The second initiative is to donate greenhouses to farmers. Each of these is 36 square meters, and will be completely installed and set up on the plots of all the beneficiaries, which include also the seeds and fertilizers. 

“I had no idea this support was being offered. It took me by surprise when one day they called me to say that I had been selected as an aid project recipient. I was quite surprised and grateful. This is very helpful for me as a farmer,” said Egidio Monsalve from the Palo Blanco sector of Lumaco, La Araucanía Region.

Monsalve said, “The aid I’ve received is pastureland with a great deal of seeds and fertilizer. I didn’t put anything else in aside from the elbow grease. This aid is so important because the fires here were extensive.”
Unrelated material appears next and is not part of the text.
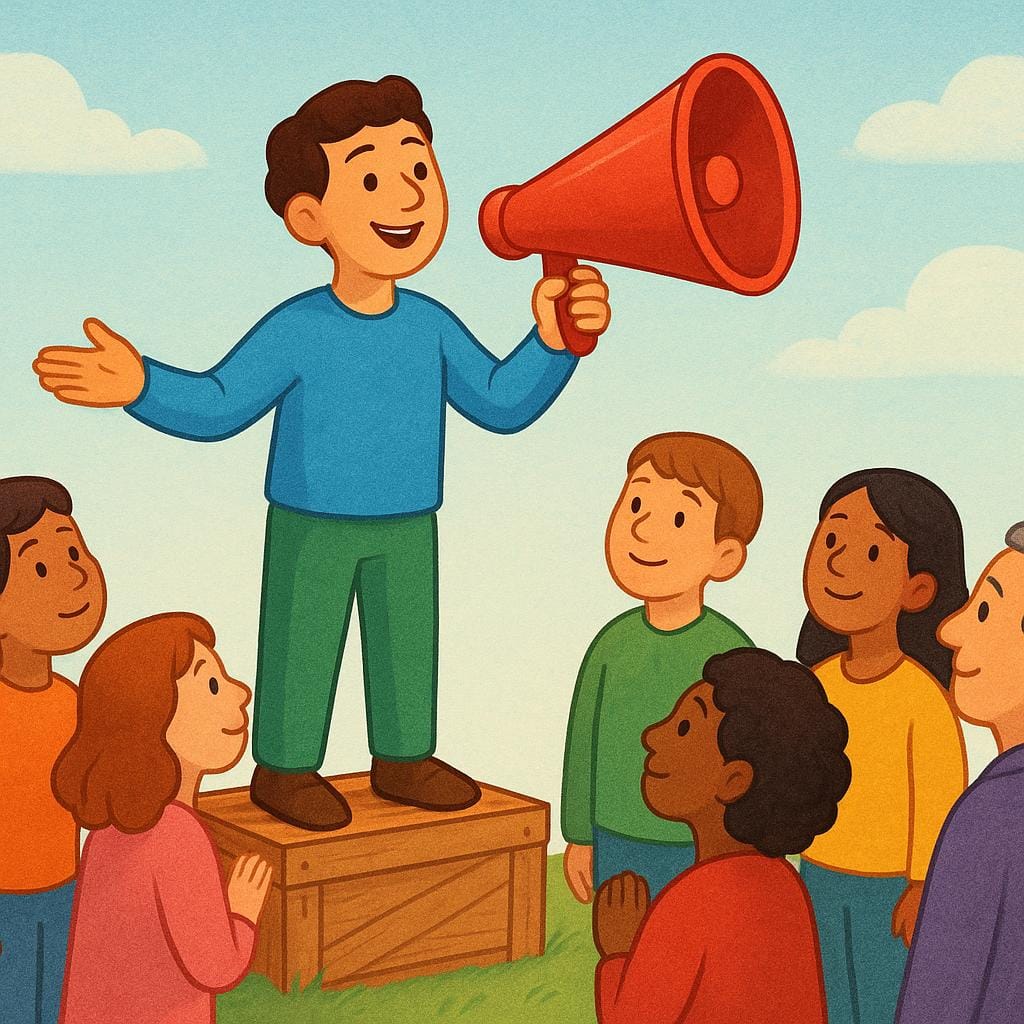 A cheerful figure standing on a small wooden box, holding a large red megaphone and making a public announcement to a small group of attentive listeners.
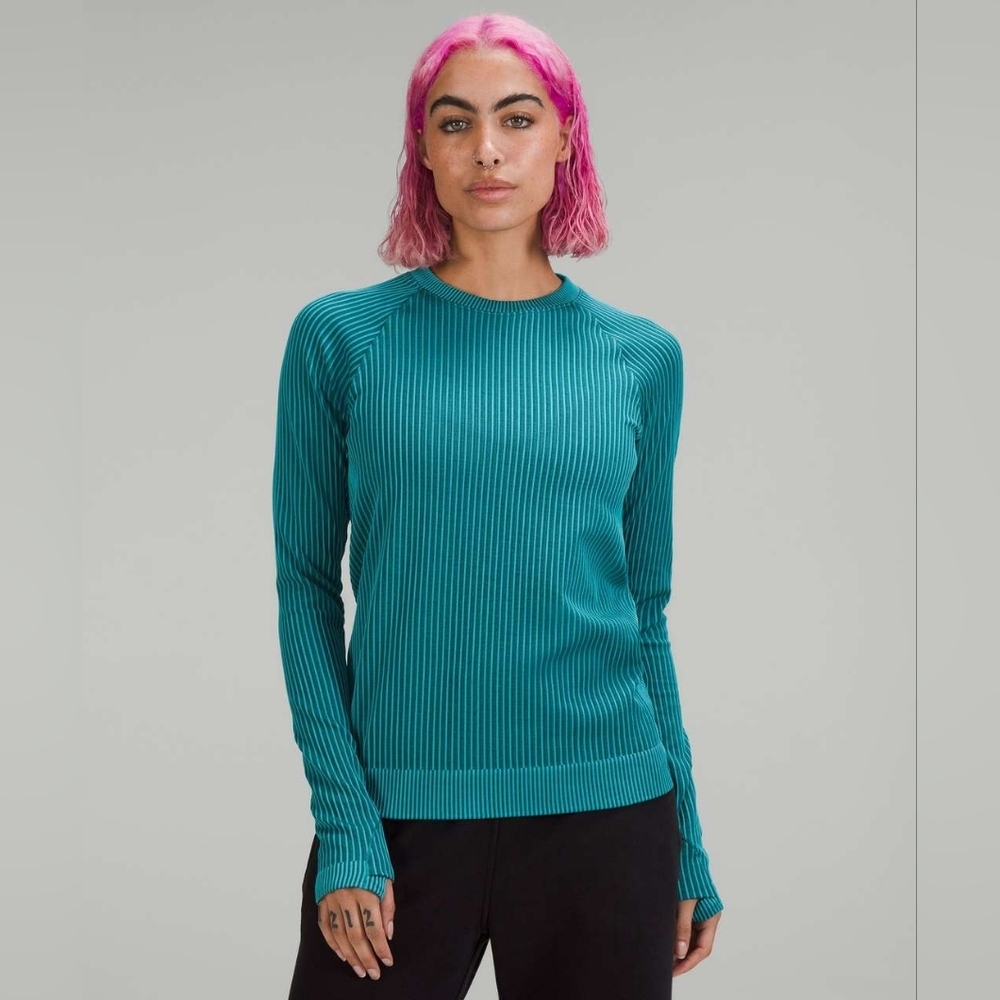 Lululemon Rest Less Pullover Rib Green Jasper / Oceanic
The third initiative will be launched after the greenhouses are set up, which has to do with building warehouses so that farmers can store inputs and products. They will built with materials such as cement, zinc and wood to guarantee their durability and usefulness. 

Lastly, the fourth initiative consists of the donation of complete chicken coops for the farmers who lost theirs to the fires. They will include the framework, mesh, concentrated chicken feed and everything else they need to continue raising poultry.

Under the program, different types of plant species – including pine, eucalyptus and native trees – will also be provided to the 315 beneficiaries. 

“This support that’s been given to us means I can now have cropland planted with different species, fodder and more that will help me care for the horses and oxen I have on my land. This aid we’ve just received is substantial,” said Omar Jara. 

Thus, CMPC Forests Corporate Affairs Manager Ignacio Lira explained that the company’s goal with this initiative is to “in some way support those farmers who lost much of their source of work in the areas most affected by the fires last summer. There are around 300 families included in the various plans that we’ve come up with together with Socabio. We hope they will serve as that push they need to get back on their feet.” 

Socabio President José Miguel Stegmeier said that this partnership arose out of a longstanding relationship between the company and the trade union. He said, “The terrible summer fires and disaster they wrought, including the loss of human lives and massive material losses spurred us to respond immediately together with CMPC and go to the aid of the smallholding farmers who were affected by them.”

Likewise, José Bermedo, the CMPC-Socabio Rural World Restoration Project Coordinator explained that this was born from a synergy between the company and the trade union. “The idea was to join efforts so we could help the affected families with specific support capabilities to deal with what they’d lost. These aren’t just some benefits we dreamed up on our own. Instead we asked the recipients how they had been affected the most, and this was their response,” he added. 

The reactivation program began in May of this year and is expected to be fully implemented by September. This is in addition to the previous donation of 12,000 hay bales and hundreds of tons of bran and wheat animal feed that CMPC and Socabio made in February of this year to avoid further losses at the productive level.